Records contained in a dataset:
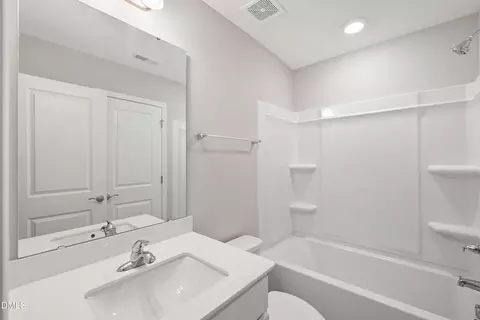 Bath - 93 Spring Crest Dr, Angier, NC 27501 photo 3 of 4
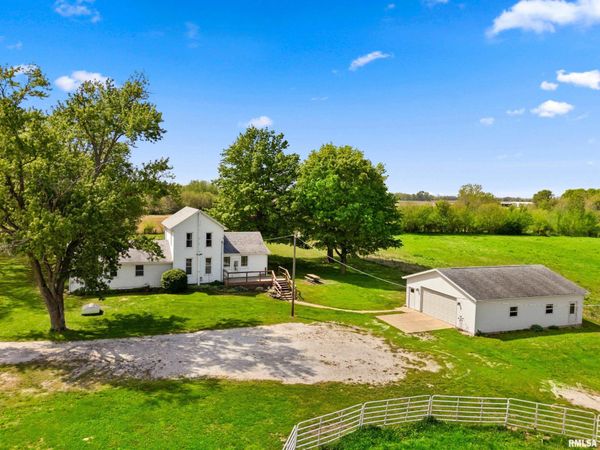 8280 N WINTERS Lane, Lewistown, IL 61542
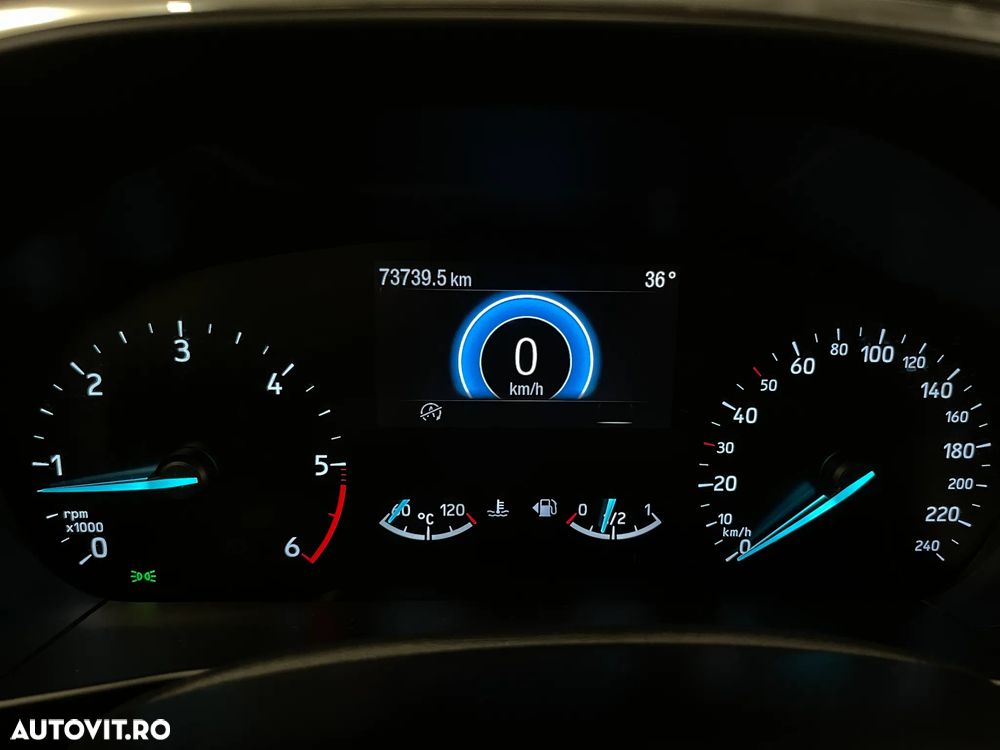 Ford Focus 1.5 EcoBlue Titanium - 28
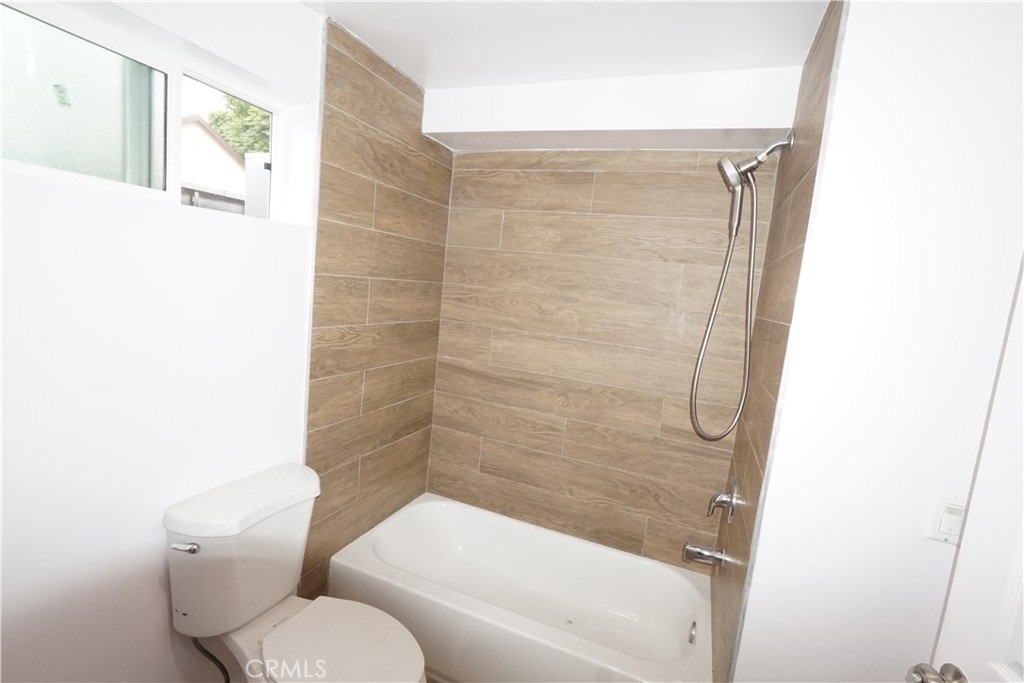 448 W 41st Place - Photo 12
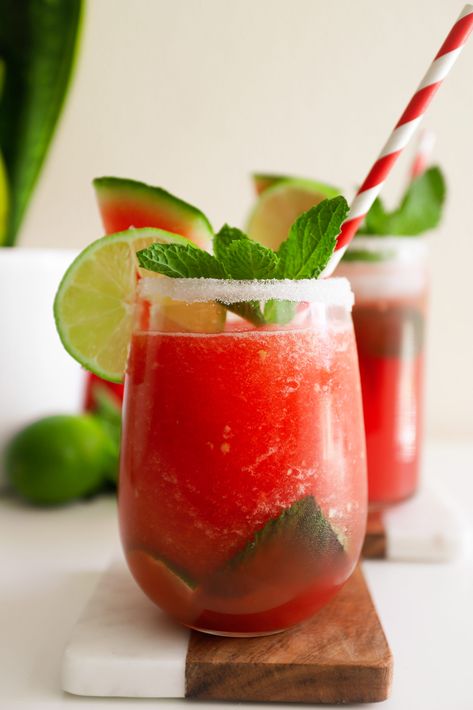 Watermelon Refresher Watermelon Mojito Recipe, Watermelon Refresher, Mojito Recipe Classic, Mint Drink, Watermelon Mojito, Hawaiian Sweet Rolls, Delicious Family Meals, Cut Watermelon, Mojito Recipe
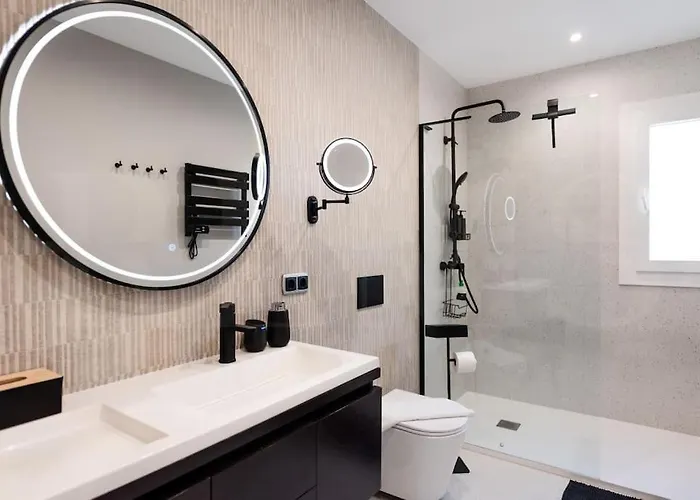 With Terrace Steps From Rems アパート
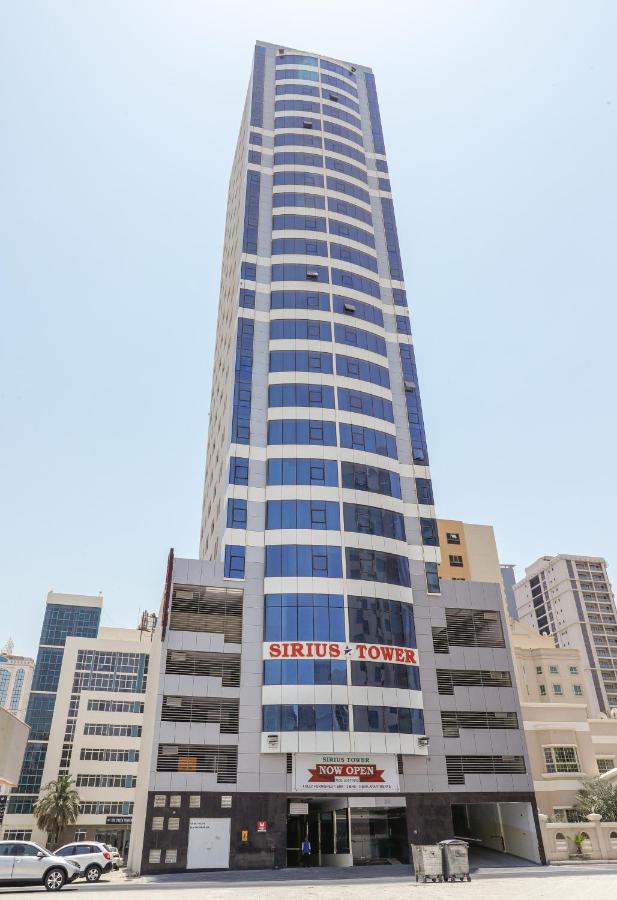 Sirius Tower Aparthotel Manama Exteriör bild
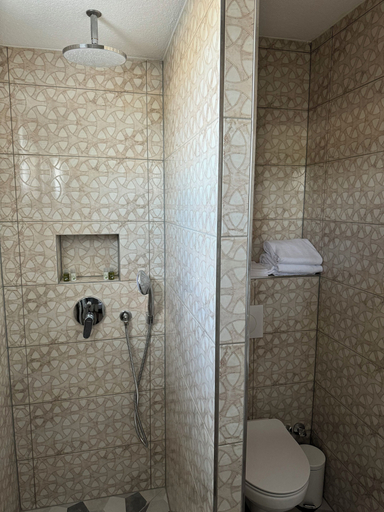 Bathroom 5, Dido Diamond Hotel, Offenbach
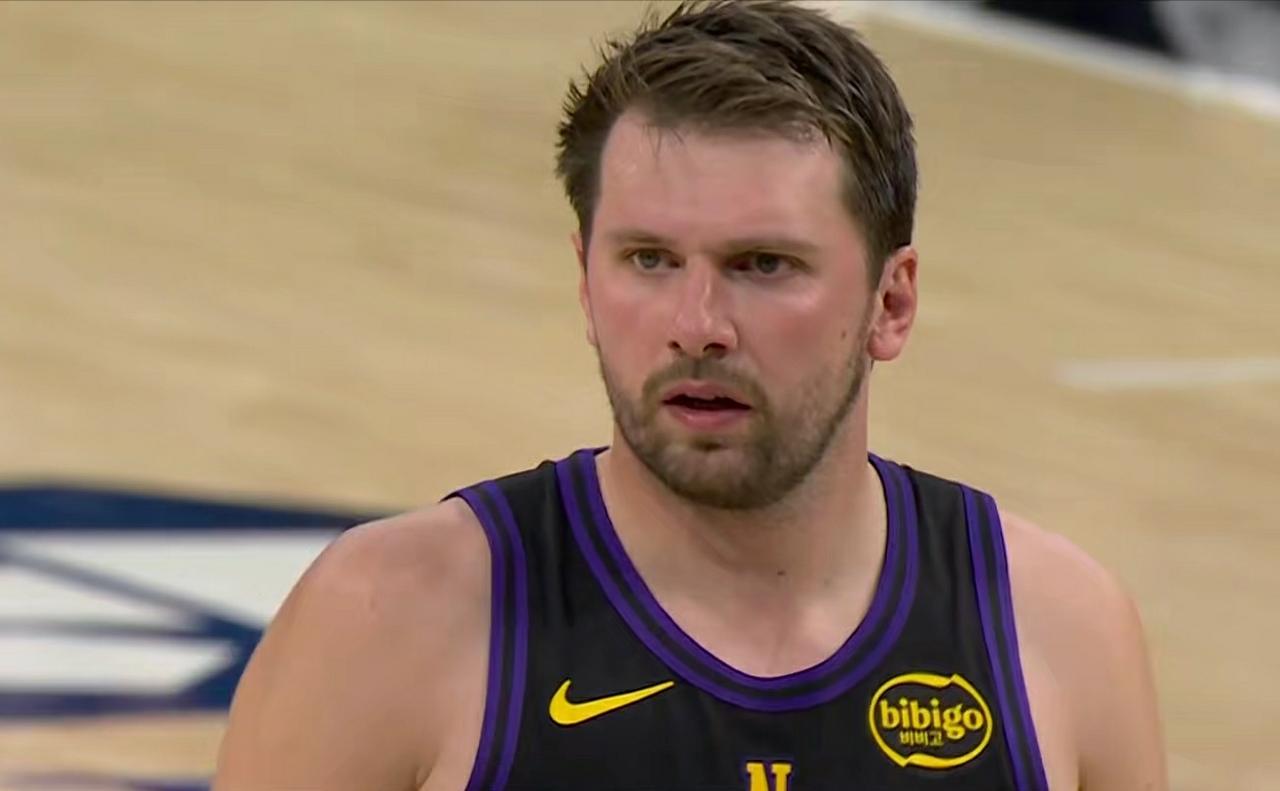 湖人有点过分了。东契奇末节被迫营业收割比赛！骑士都已经投降了，雷迪克还留着两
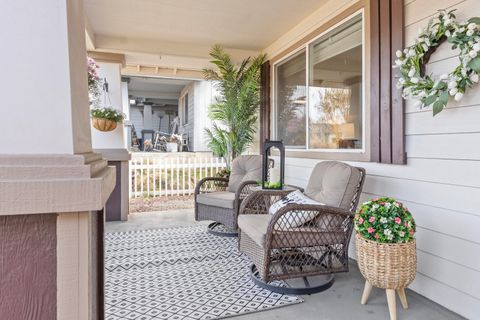 Tiny photo for 858 NW Poplar Place, Redmond, OR 97756 (MLS # 220217658)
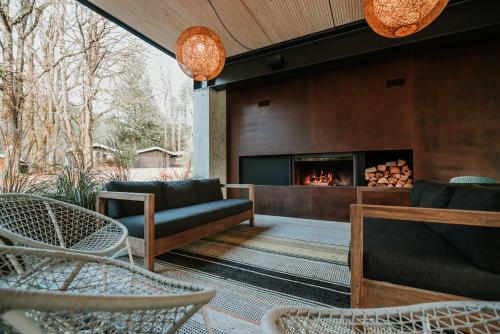 Hotel Sunwolf Riverside Cabins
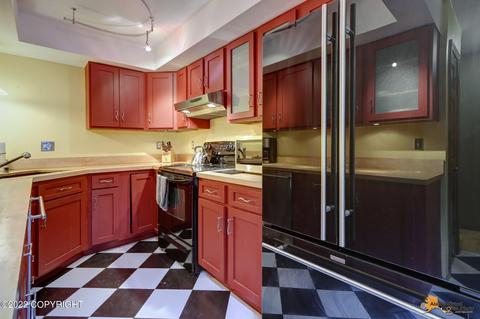 1440 E St # 4, Anchorage, AK 99501 photo 9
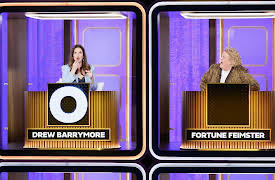 Hollywood Squares (2025): Between a Cardigan Sandwich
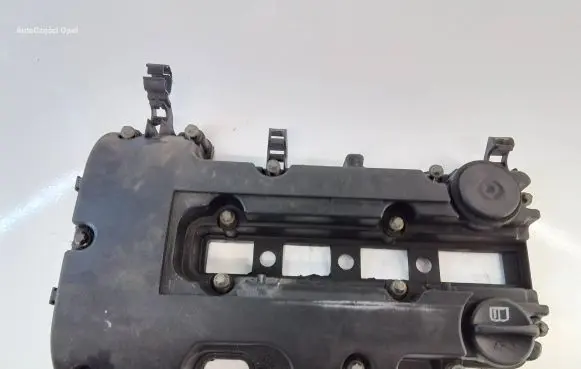 Opel Astra J Rocker cam cover 55561426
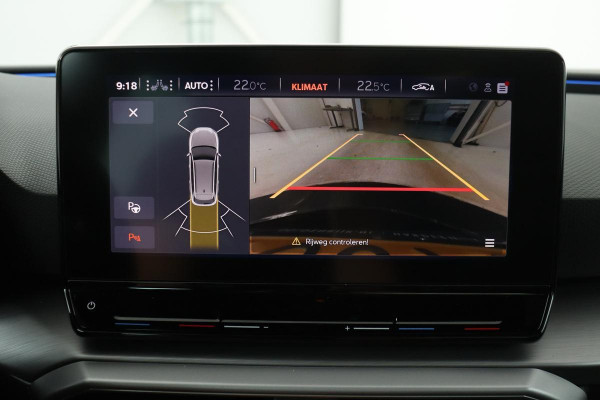 Seat Leon 1.5 eTSI FR Launch Edition | Panoramadak | Stoel & stuurverwarming | BeatsAudio | Camera | Adaptive cruise | Memory | Chassis Control | Carplay | Keyless | Full LED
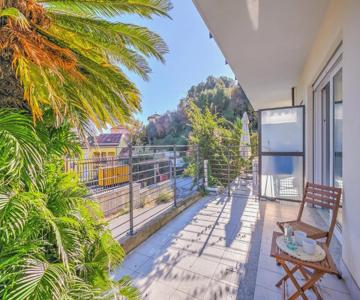 Beachy Vibes- 900m from the beach - Happy Rentals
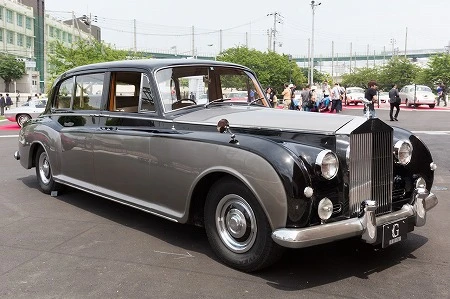 トークショーの会場まで、デヴィ夫人らを乗せたロールスロイスのクラシックカー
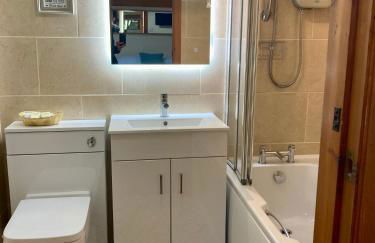 The Old Mill Holiday Cottages, Nr Mold - Foto 3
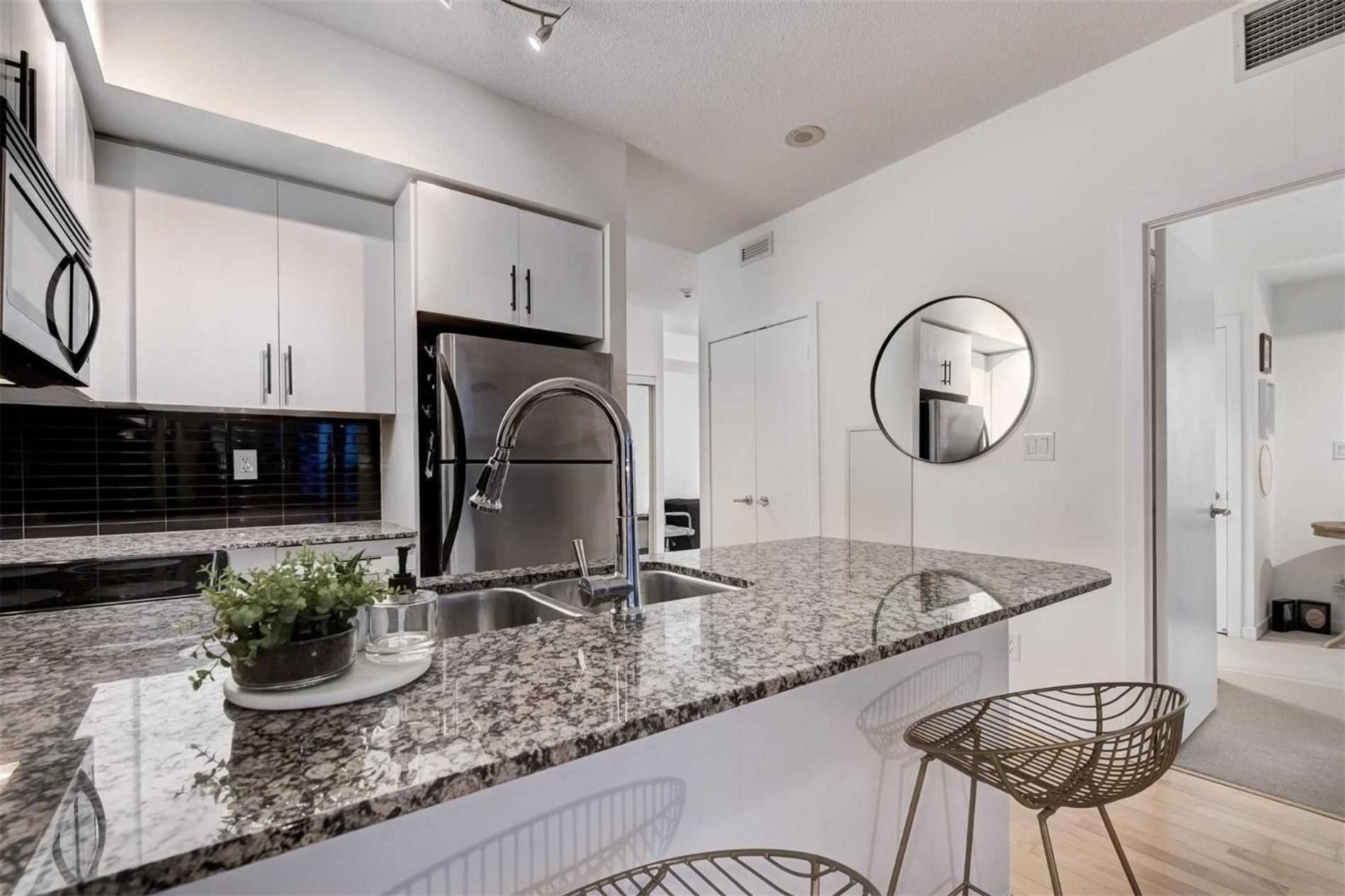 Monarch Residences Apartment Toronto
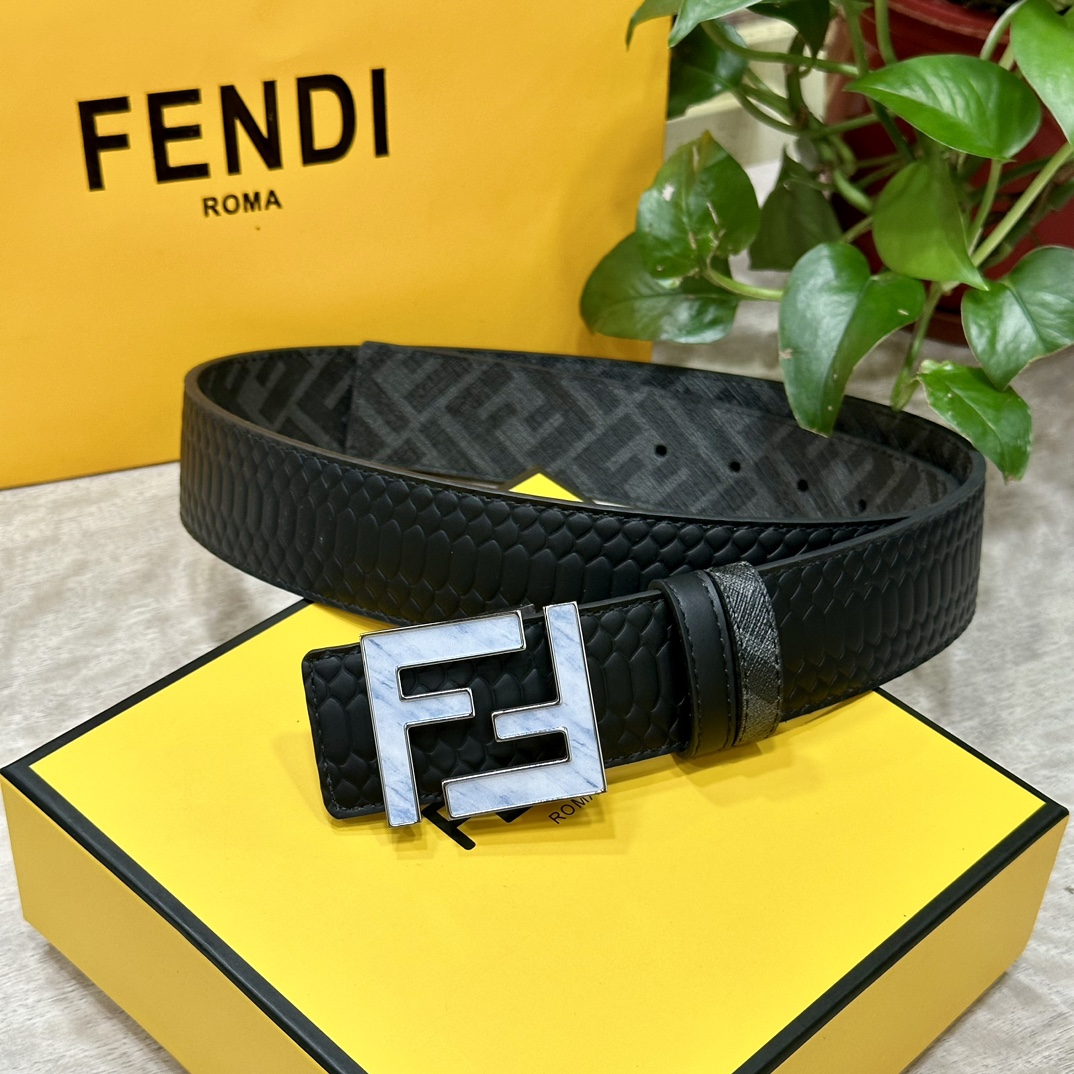 FENDI芬迪专柜同款宽4.0CM双环正反用腰带F按钉搭扣黑色CuoioRomano皮革材质反面面料带有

_WHAT THIS TASK INVOLVES_:
Extract, character for character, every line from the one that holds "Hollywood Squares (2025): Between" through the end of the entries above. Include both boundary lines and no pictures.

_TASK RESULT_:
 Hollywood Squares (2025): Between a Cardigan Sandwich
 Opel Astra J Rocker cam cover 55561426
 Seat Leon 1.5 eTSI FR Launch Edition | Panoramadak | Stoel & stuurverwarming | BeatsAudio | Camera | Adaptive cruise | Memory | Chassis Control | Carplay | Keyless | Full LED
 Beachy Vibes- 900m from the beach - Happy Rentals
 トークショーの会場まで、デヴィ夫人らを乗せたロールスロイスのクラシックカー
 The Old Mill Holiday Cottages, Nr Mold - Foto 3
 Monarch Residences Apartment Toronto
 FENDI芬迪专柜同款宽4.0CM双环正反用腰带F按钉搭扣黑色CuoioRomano皮革材质反面面料带有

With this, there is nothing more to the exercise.